# WORK ITEM:
Begin at the line containing "Thumbnail 6 of 2011 TOYOTA Sienna XLE , AWD" and restate it and each line after it exactly, up to and including the last line below. Leave pictures out.

(Records from a collection)
━━━━━━━━━━
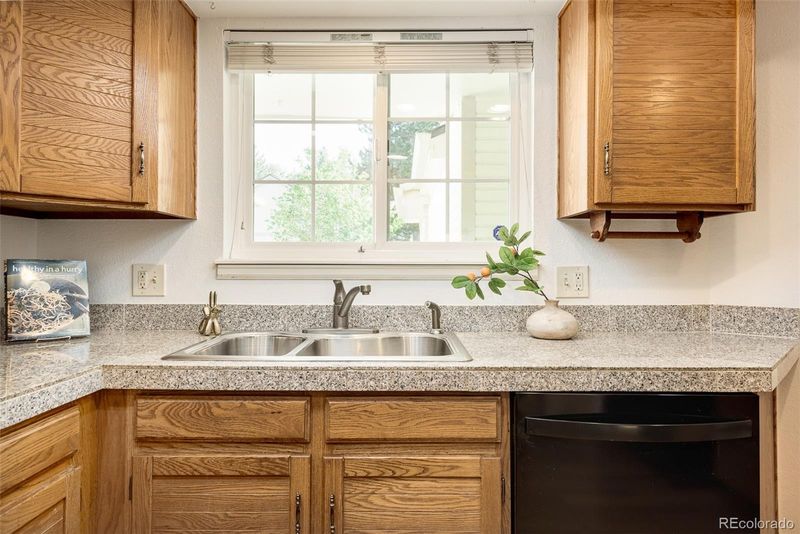 2007 S Xenia Way, Denver, CO 80231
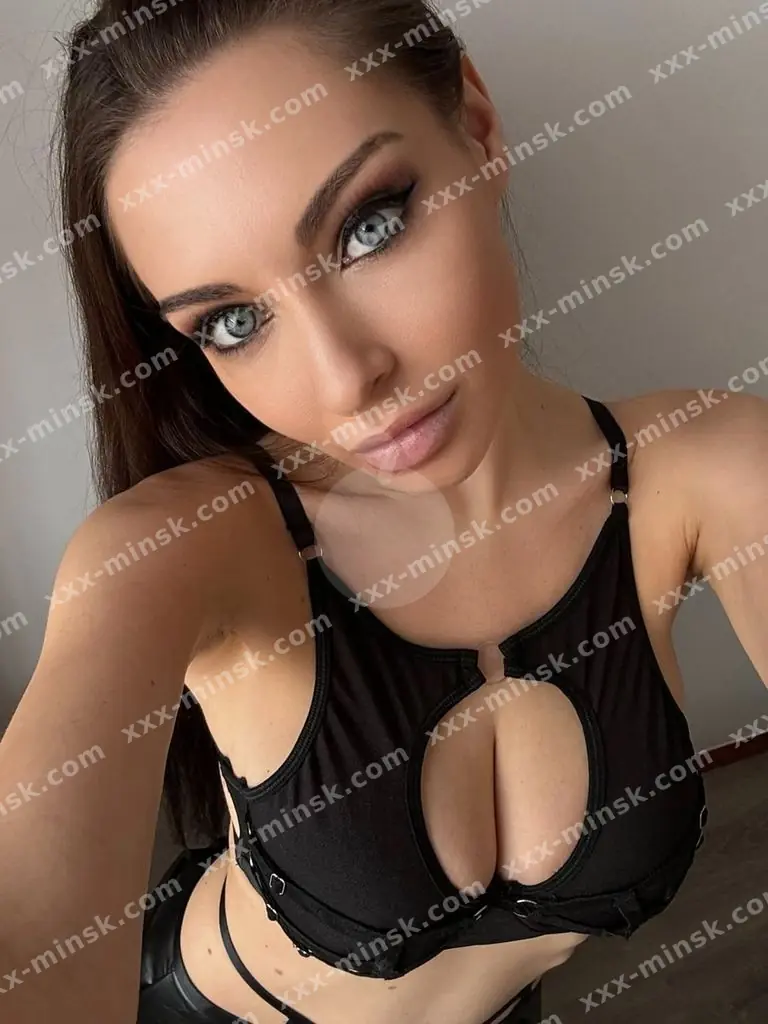 Милана, 26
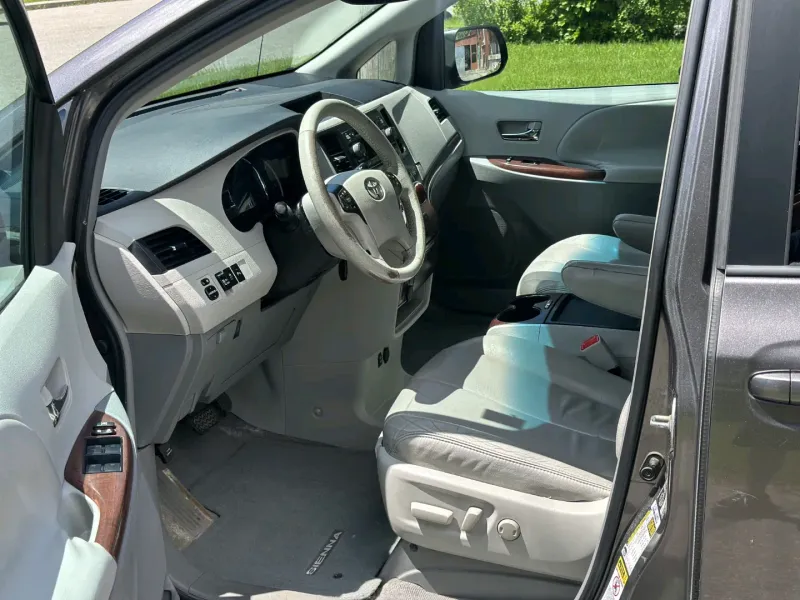 Thumbnail 6 of 2011 TOYOTA Sienna XLE , AWD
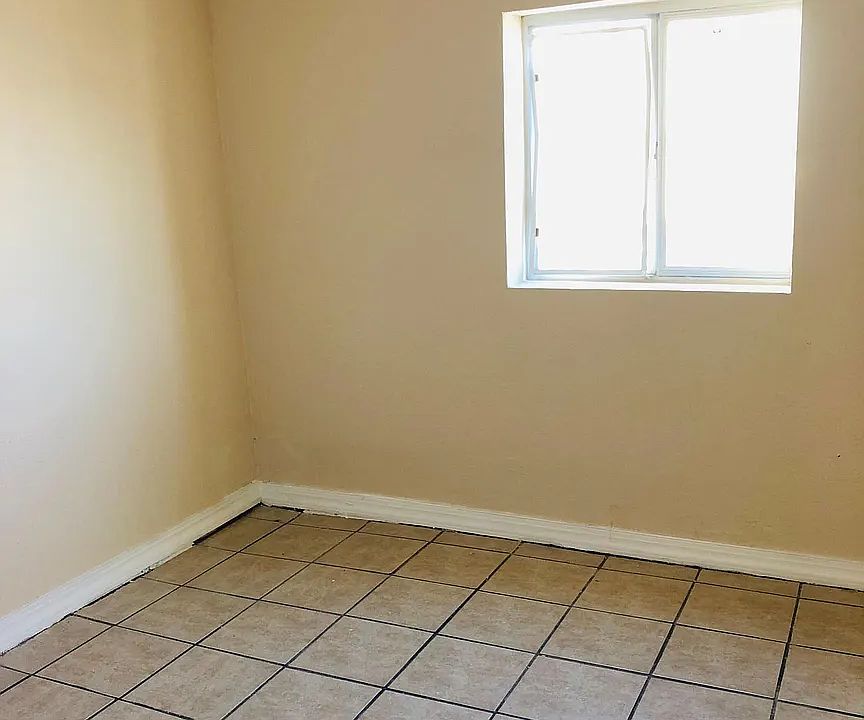 Middle Bedroom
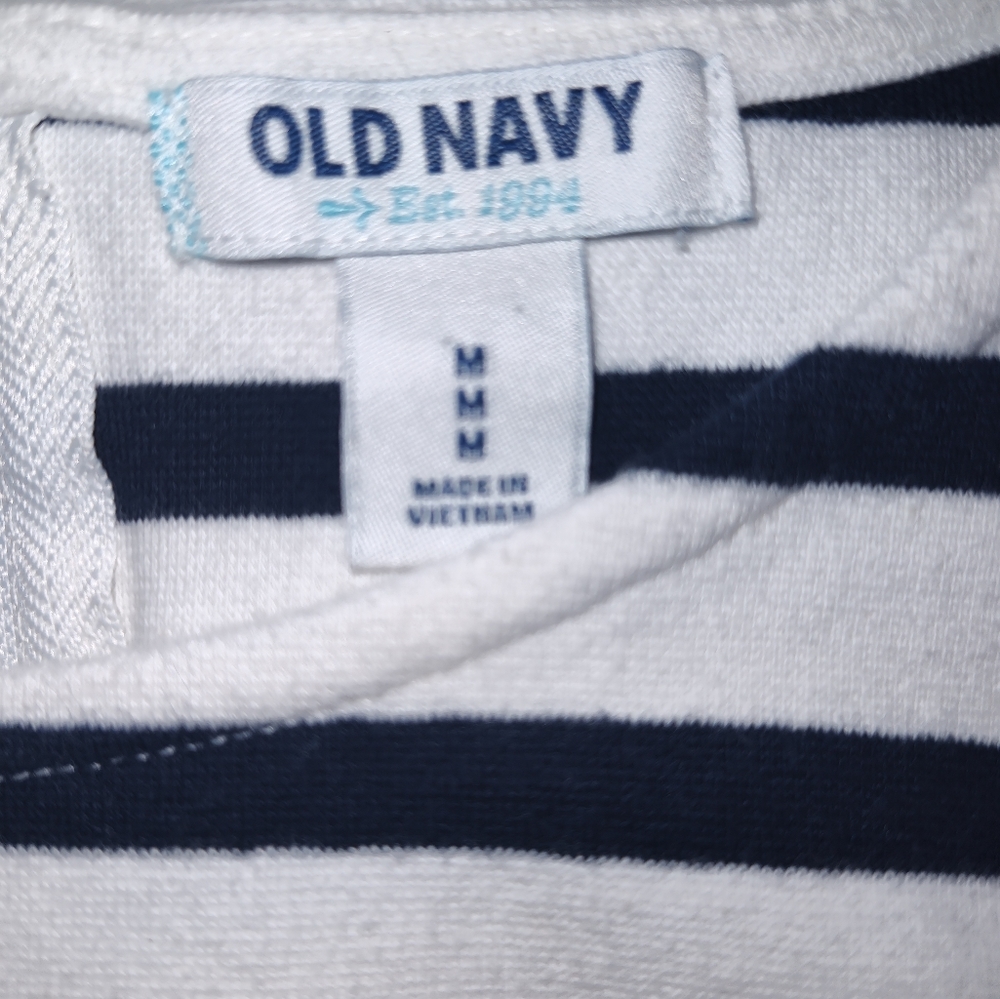 Old Navy Women's Sleeveless Striped Peplum Top Size Medium - Picture 6 of 6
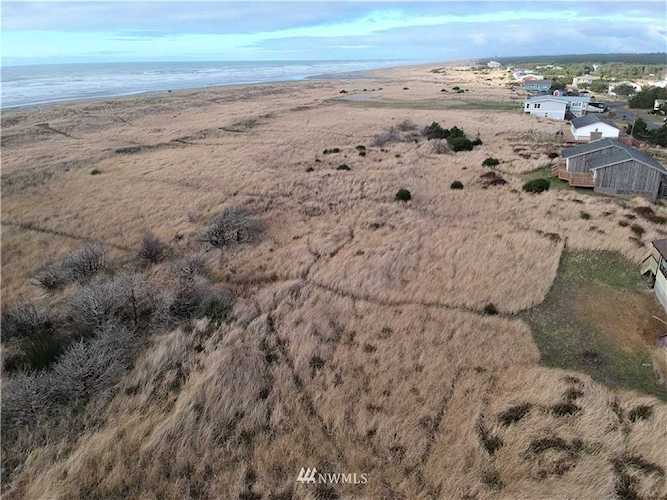 34315 G St Ocean Park, WA 98640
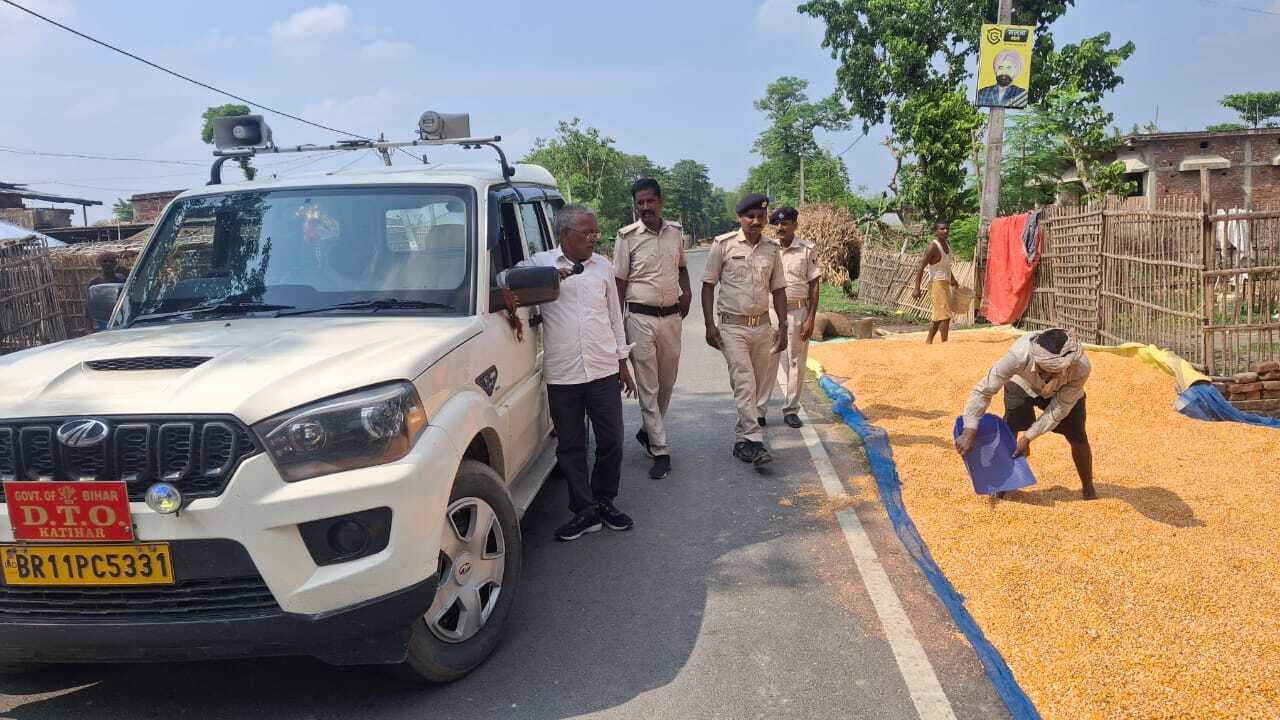 भीषण सड़क हादसे के बाद जिला परिवहन विभाग हुआ सख्त, ओवरलोड वाहन पर ठोंका जुर्माना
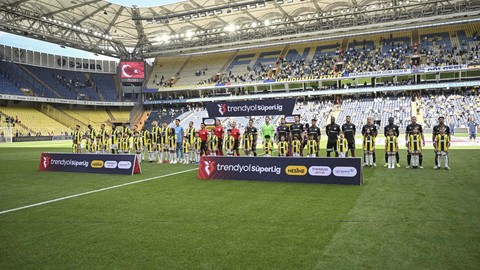 Fenerbahçe taraftarının tepkisi dinmiyor! Konyaspor maçında “Yönetim istifa” sesleri susmadı!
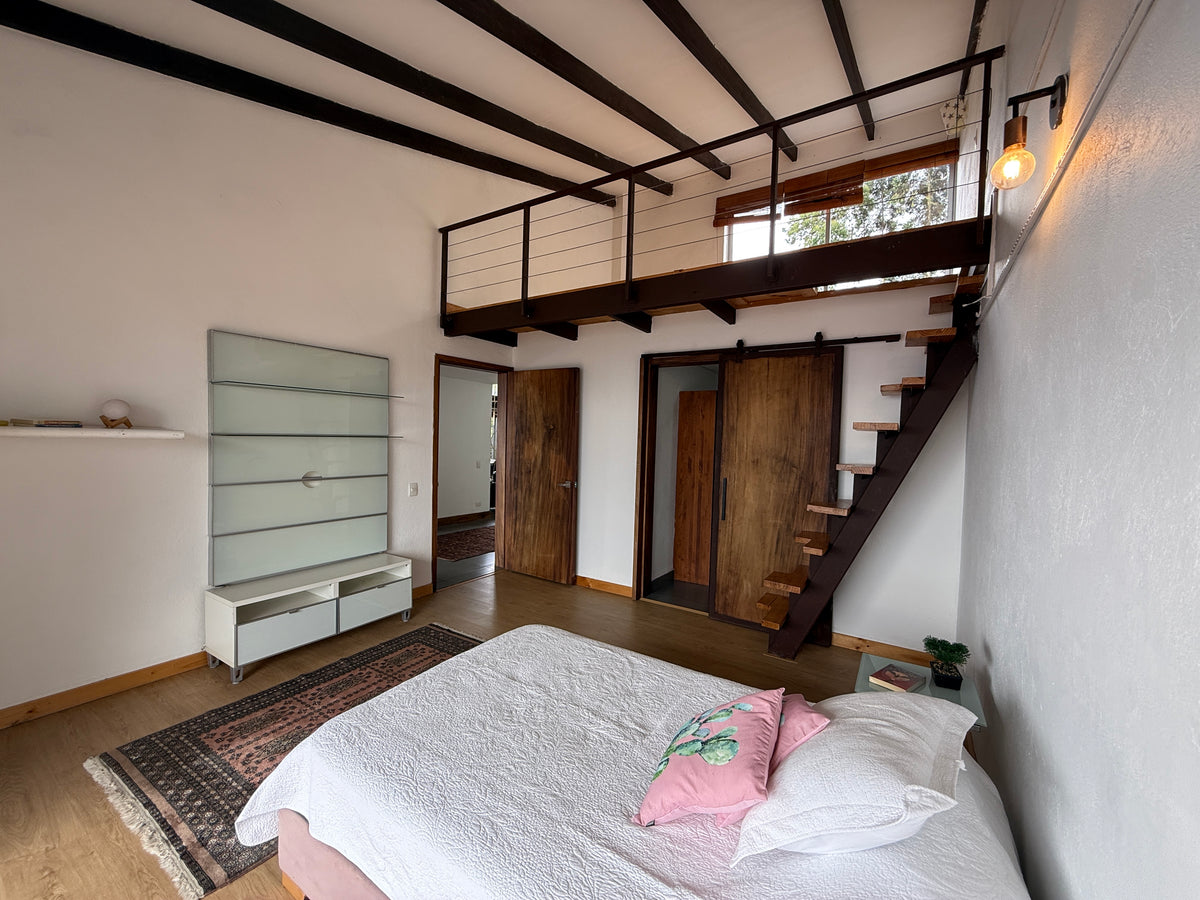 Casa en Palmas cerca al Mall Indiana con lote amplio, rooftop y zonas comunes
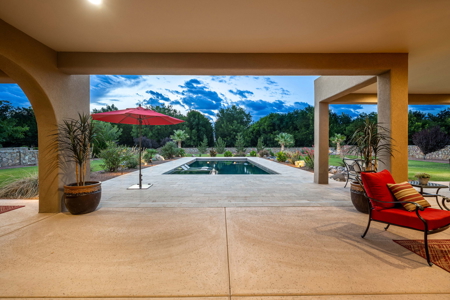 Custom Luxury Home for Sale on Large Lot in Las Cruces, NM - image 43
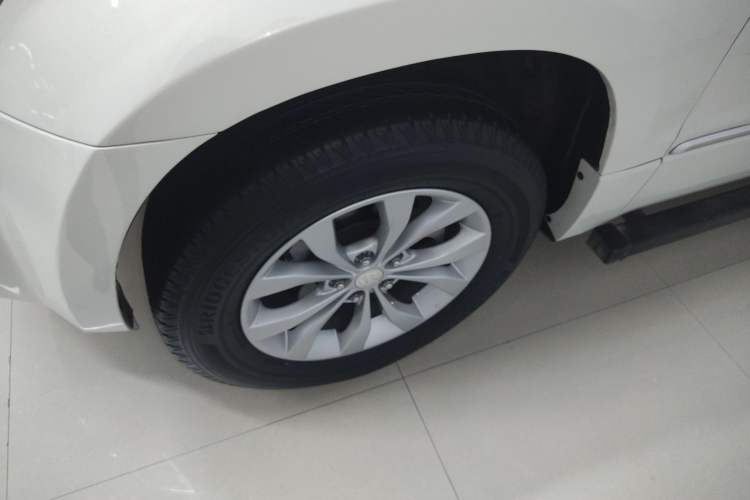 Used Suzuki Grand Vitara 2012 2.4L AT Luxury Navigation 5-Door Version Left Front Wheel Hub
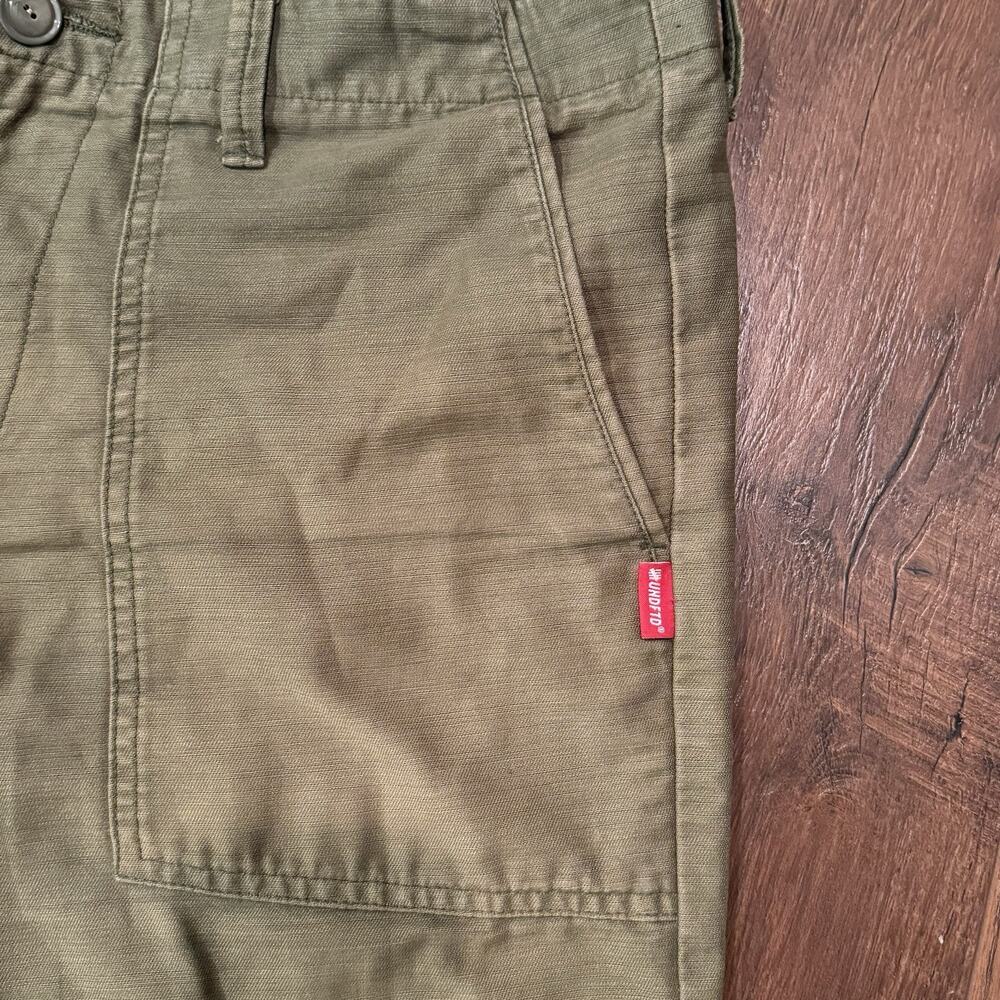 Vintage Undefeated Pants Army Military Chino Green Pants Crazy Fade Size 32 - Picture 3 of 10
━━━━━━━━━━
# YOUR RESPONSE:
 Thumbnail 6 of 2011 TOYOTA Sienna XLE , AWD
 Middle Bedroom
 Old Navy Women's Sleeveless Striped Peplum Top Size Medium - Picture 6 of 6
 34315 G St Ocean Park, WA 98640
 भीषण सड़क हादसे के बाद जिला परिवहन विभाग हुआ सख्त, ओवरलोड वाहन पर ठोंका जुर्माना
 Fenerbahçe taraftarının tepkisi dinmiyor! Konyaspor maçında “Yönetim istifa” sesleri susmadı!
 Casa en Palmas cerca al Mall Indiana con lote amplio, rooftop y zonas comunes
 Custom Luxury Home for Sale on Large Lot in Las Cruces, NM - image 43
 Used Suzuki Grand Vitara 2012 2.4L AT Luxury Navigation 5-Door Version Left Front Wheel Hub
 Vintage Undefeated Pants Army Military Chino Green Pants Crazy Fade Size 32 - Picture 3 of 10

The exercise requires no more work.